THE DATA
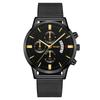 Mens Leather Business Fashion Watch Strap Watch For Gift Giving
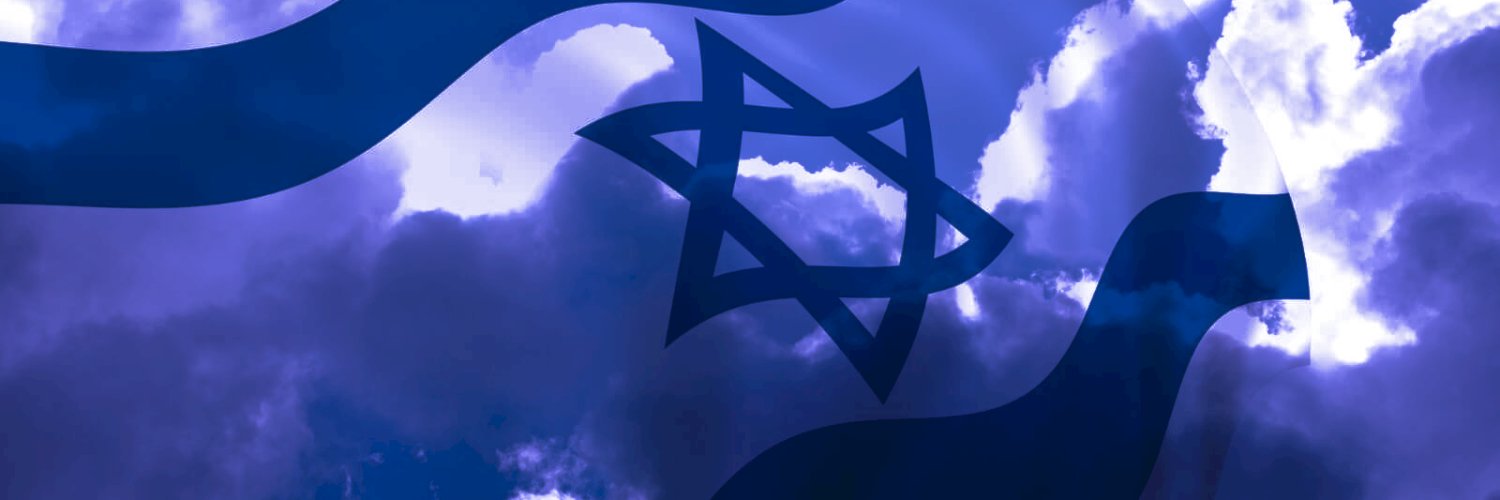 Israel Agora e Sempre🇧🇷🇮🇱 Profile Banner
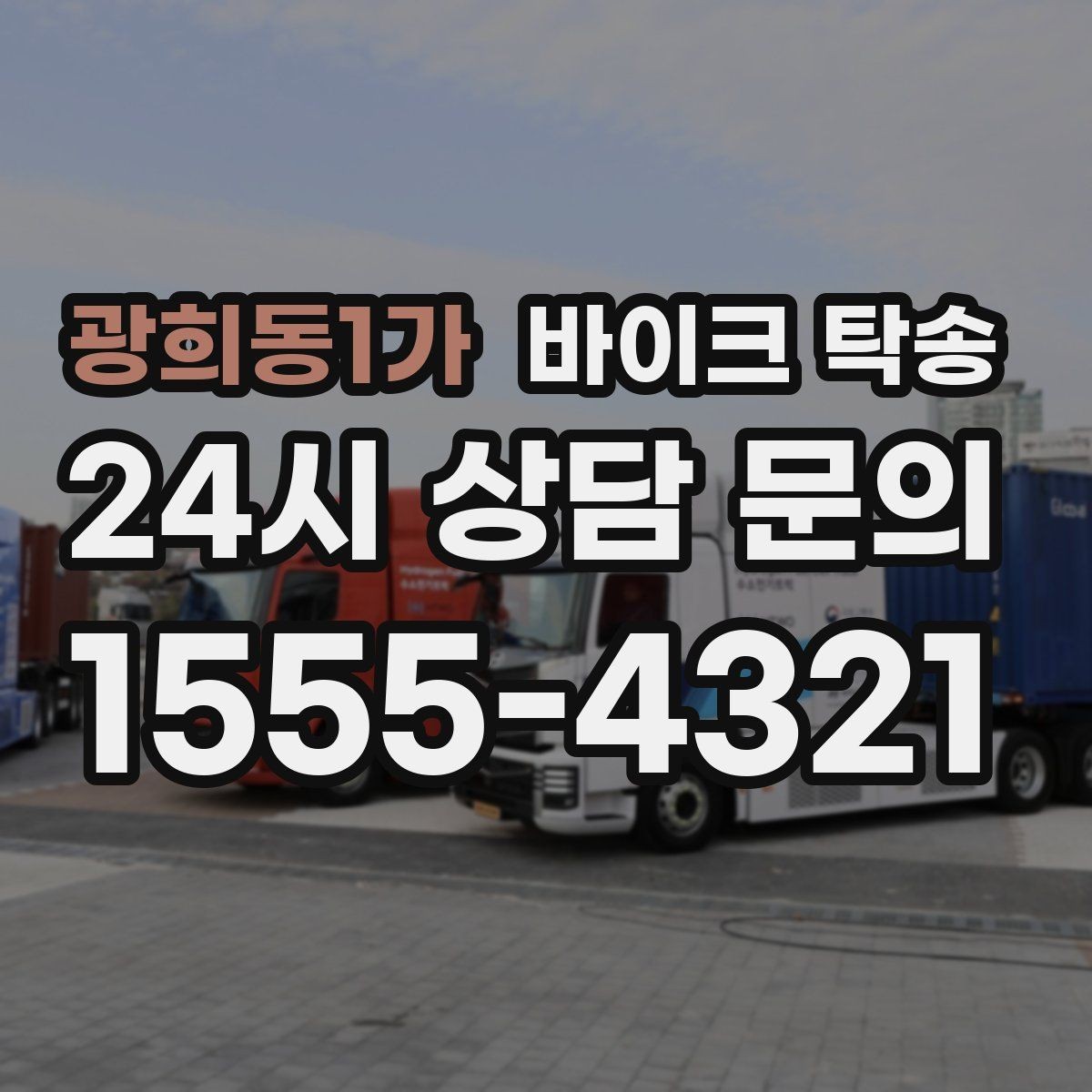 광희동1가 바이크 탁송 정비소 입고 출고를 한 번에 정리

PROBLEM DESCRIPTION
Retype the whole listing. Keep every word exact but include no pictures.

OUTPUT BELOW
 Mens Leather Business Fashion Watch Strap Watch For Gift Giving
 Israel Agora e Sempre🇧🇷🇮🇱 Profile Banner
 광희동1가 바이크 탁송 정비소 입고 출고를 한 번에 정리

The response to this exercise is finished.